§ **Task prompt**
Using the data below, set down every line from the one containing "Seahorse - Hippocampus" through the one containing "Echium candicans", inclusive and unchanged. Pictures are to be skipped.

Stored data:
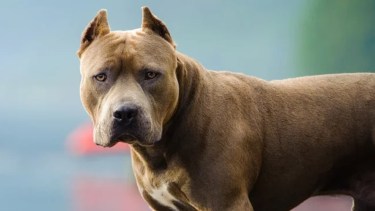 En menos de un mes, otro nene de 2 años murió atacado por un pitbull en Córdoba: hay un detenido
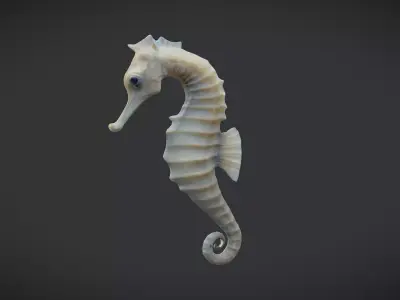 Seahorse - Hippocampus reidi Low-poly 3D model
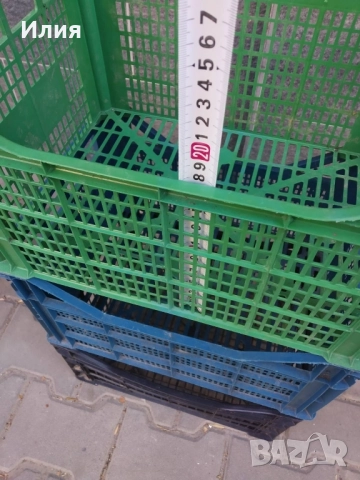 щанги за зеленчуци , снимка 2 - Градински цветя и растения - 51789950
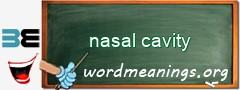 WordMeaning blackboard for nasal cavity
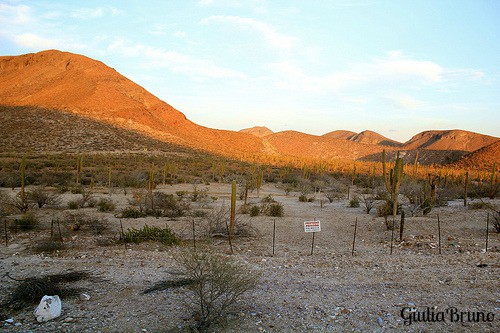 Alrededores de La paz, Baja California Sur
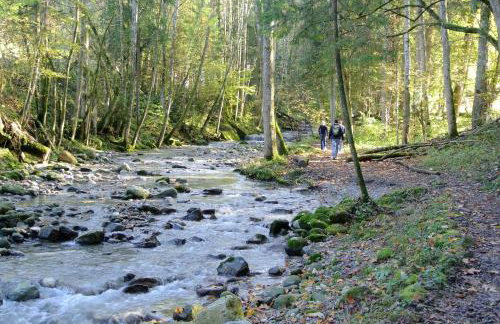 Ferienhaus Weiler im Allgäu - Photo 42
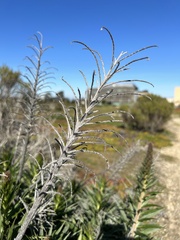 Echium candicans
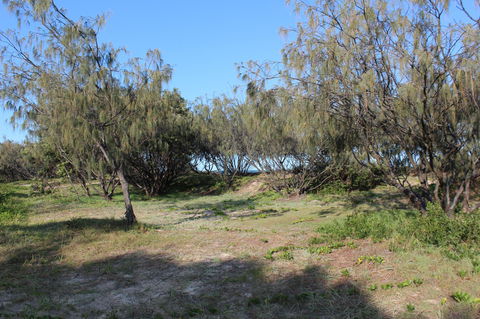 K'gari (Fraser Island) Camping, Great Sandy National Park - Accommodation Gladstone 1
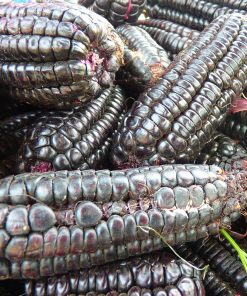 Maïs Collant Noir Japonais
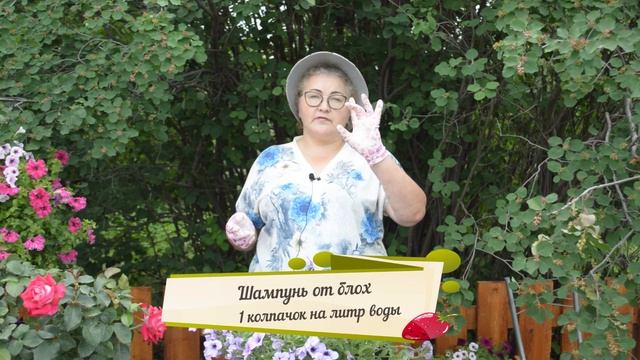 Цирковые Шоу с Трюками и Фокусами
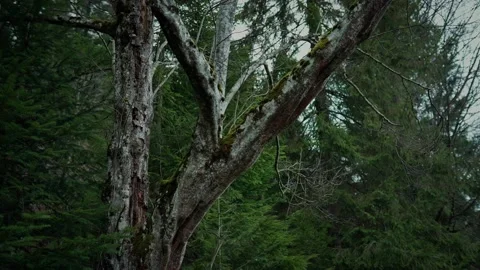 Old forest tree covered with moss Stock Footage 195164241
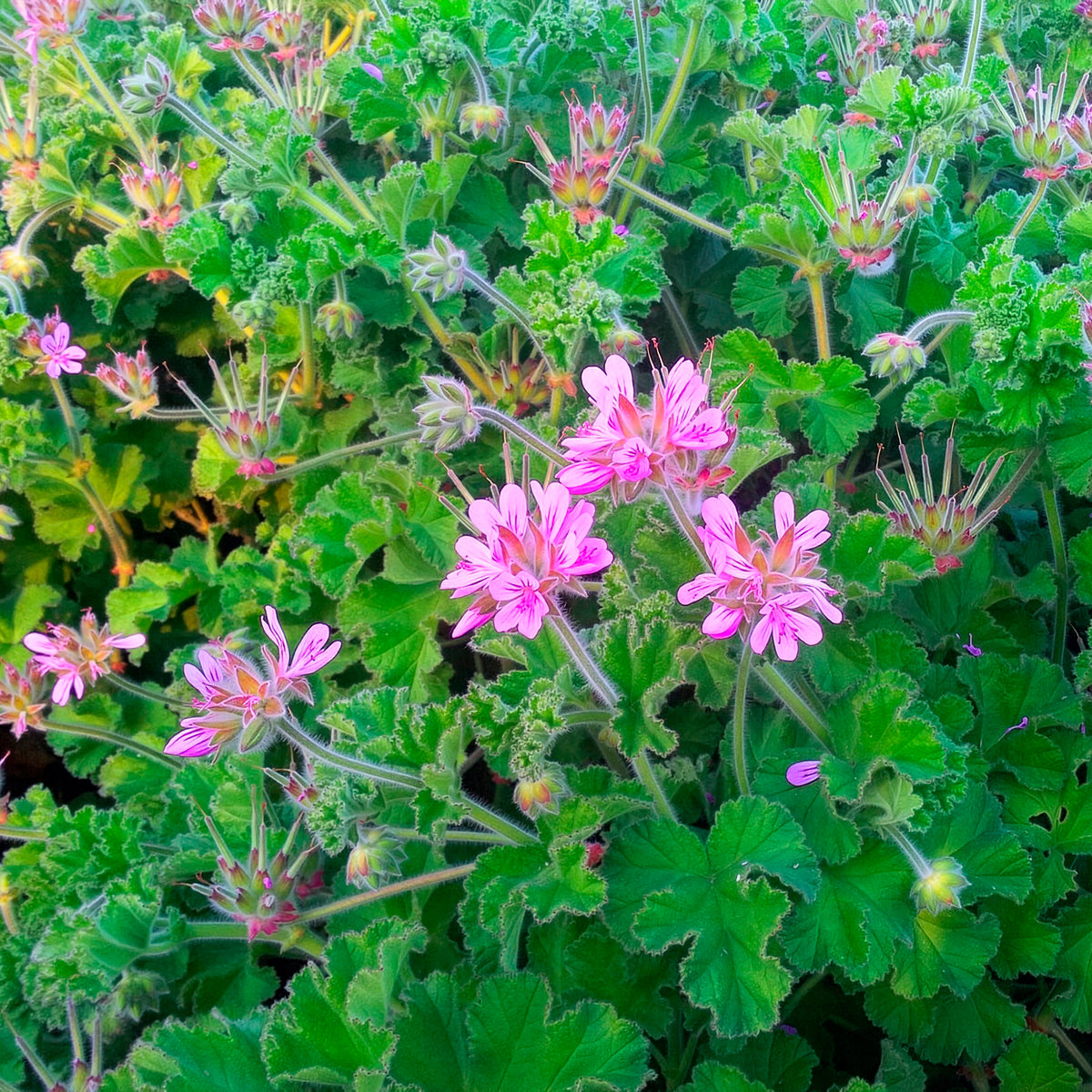 Rosenduft-Geranie - Pelargonium capitatum - Willemse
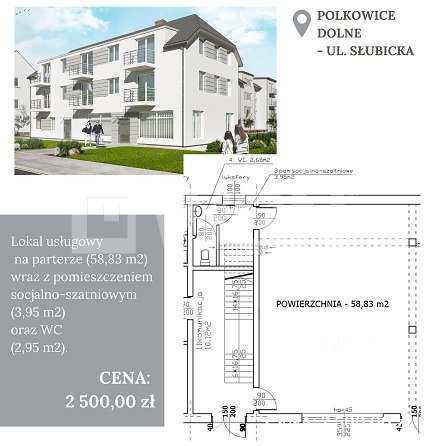 Polkowice, 2 500 zł, 65.73 m2, blok miniaturka 4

§ **Written solution**
 Seahorse - Hippocampus reidi Low-poly 3D model
 щанги за зеленчуци , снимка 2 - Градински цветя и растения - 51789950
 WordMeaning blackboard for nasal cavity
 Alrededores de La paz, Baja California Sur
 Ferienhaus Weiler im Allgäu - Photo 42
 Echium candicans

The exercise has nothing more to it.